The president, according to administration officials, will continue to embrace executive action and other moves that don’t involve Congress for two reasons. The most obvious is that it is a way to accomplish his goals, like raising the minimum wage for federal contractors, as Obama did earlier this year, even if he can't get a broader wage hike through Congress.

The second is he hopes by highlighting certain issues at the White House, even through very limited executive actions, to push ideas into the American political discourse, forcing both the press and the 2016 candidates to address them as well.

In an interview with the Washington Post last week, Obama senior adviser Dan Pfeiffer suggested Obama's moves could force future presidential candidates to be "pro-immigration, pro-same-sex marriage, pro-economic fairness." He also predicted, "no climate denier will ever be president again.”
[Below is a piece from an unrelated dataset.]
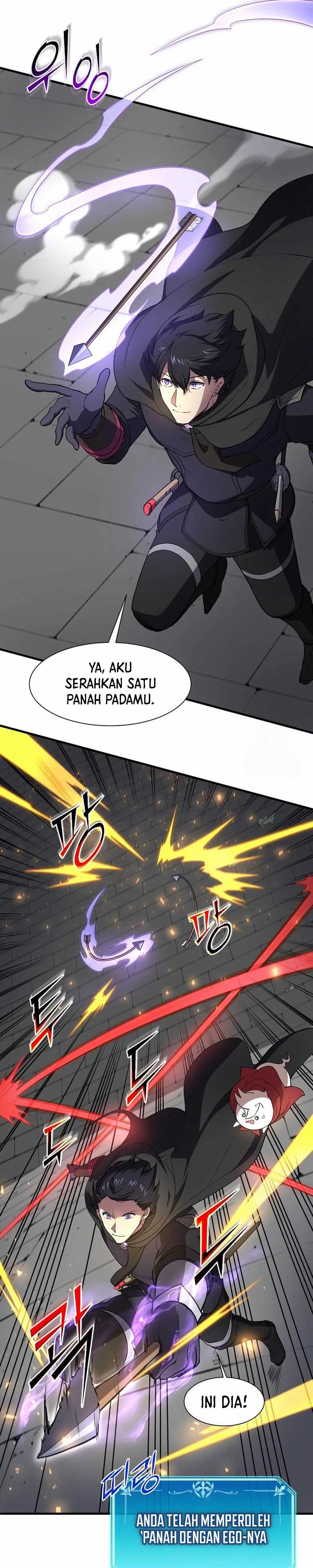 Leveling Up with Skills Chapter 104 halaman 17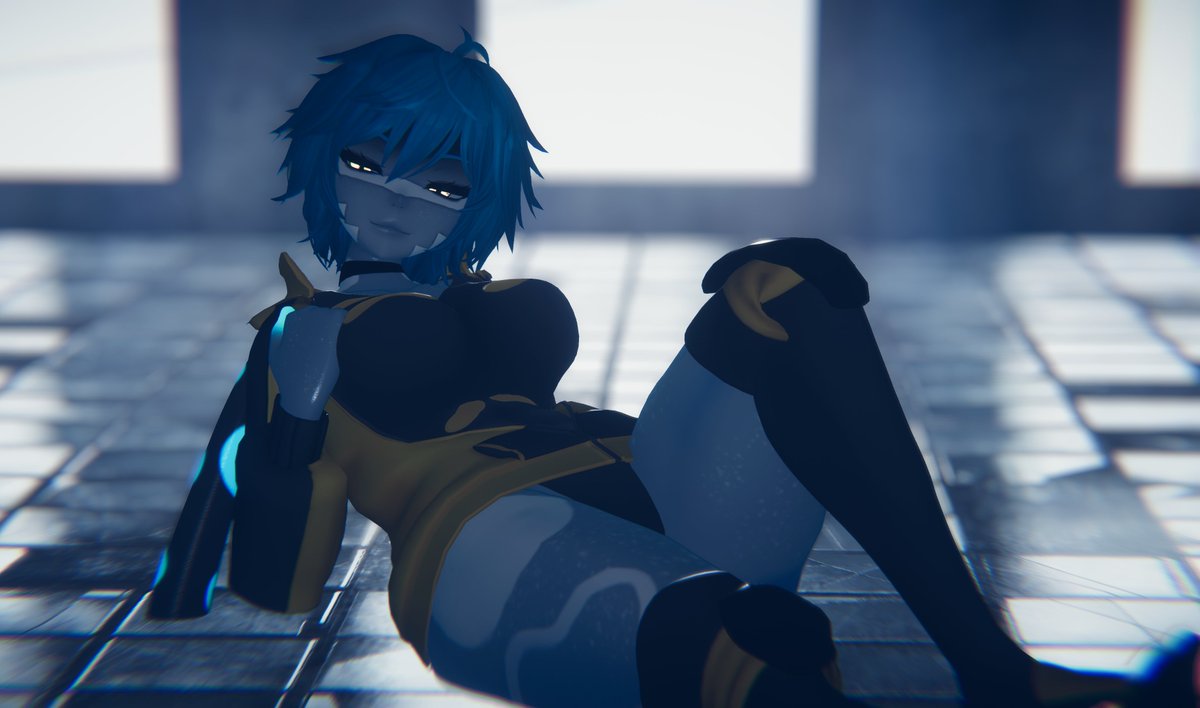 Careful cuddles with me can be dangerous~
The limits of this strategy are obvious. Executive actions on immigration and climate change will cause fights with Republicans on Capitol Hill, who are already promising to use the budget process to limit them. Even some Obama supporters, like New York Magazine writer Jonathan Chait, have questioned the wisdom of the president essentially declaring he won’t enforce parts of immigration law, arguing that sets an example that could be used in a way Democrats would not like if a Republican president is elected.

And such moves can be reversed if Obama has a Republican successor, so they are not permanent, as a true immigration bill passed by Congress would be.

Obama and his aides say they want to work with Republicans if they can. The administration has highlighted four issues where it hopes to reach agreements with the GOP over the next two years: early childhood education, financing projects to rebuild roads and other infrastructure, international trade agreements and tax reform that might lower corporate rates but also eliminate some ways that companies limit their tax liability.

But an agreement between the two parties is not guaranteed on any of those issues, particularly if Republicans are angered by Obama's moves on immigration. And the president wants to act on a much wider range of topics anyway.